With every picture left out, restate the listing below exactly as written.

== Source data ==

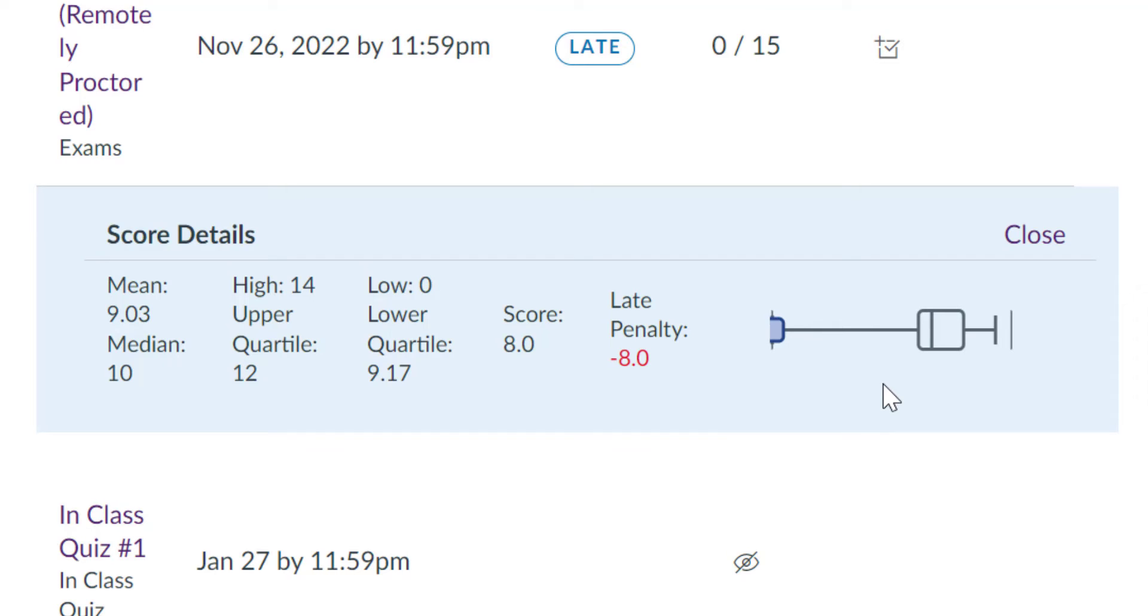It's important to know that this is turned on by default, because if you have a smaller class size, students might be able to figure out who had the highest grade or the lowest grade.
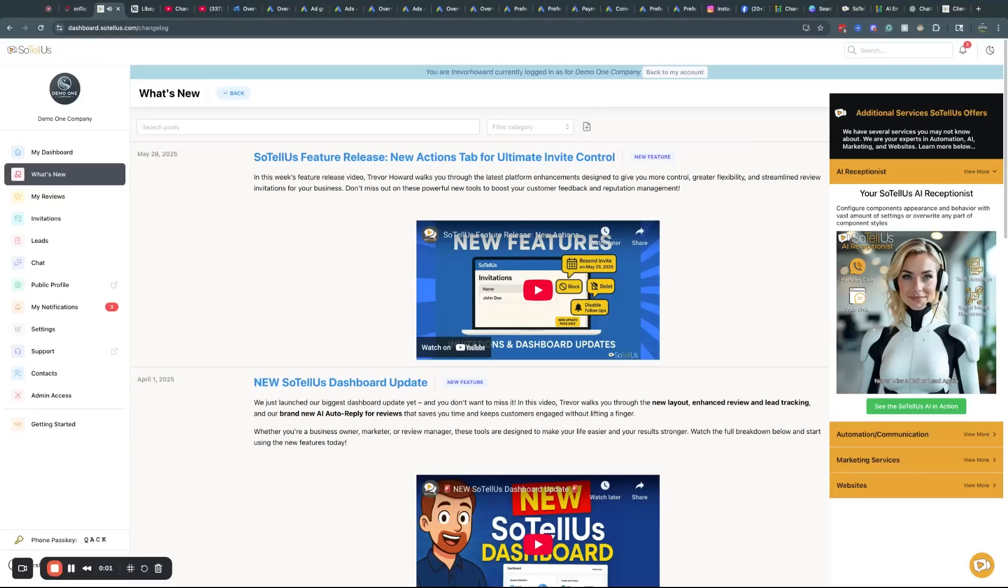Hey everybody, Trevor Howard here with So Tell Us, and we've got another awesome feature release for you guys today.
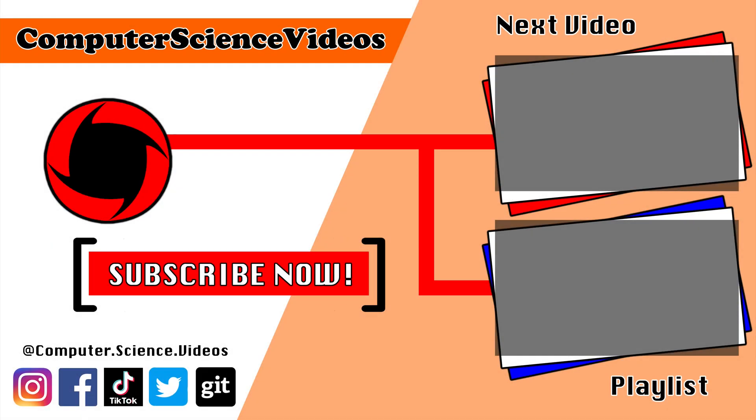Thank you for making it towards the end of the video. Be sure to subscribe to my channel Computer Science Videos. Be sure to check out the previous video on screen now, or you can ideally click on the playlist and watch all the journey for Computer Science Videos from the start until now.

===

### Task response
It's important to know that this is turned on by default, because if you have a smaller class size, students might be able to figure out who had the highest grade or the lowest grade.
Hey everybody, Trevor Howard here with So Tell Us, and we've got another awesome feature release for you guys today.
Thank you for making it towards the end of the video. Be sure to subscribe to my channel Computer Science Videos. Be sure to check out the previous video on screen now, or you can ideally click on the playlist and watch all the journey for Computer Science Videos from the start until now.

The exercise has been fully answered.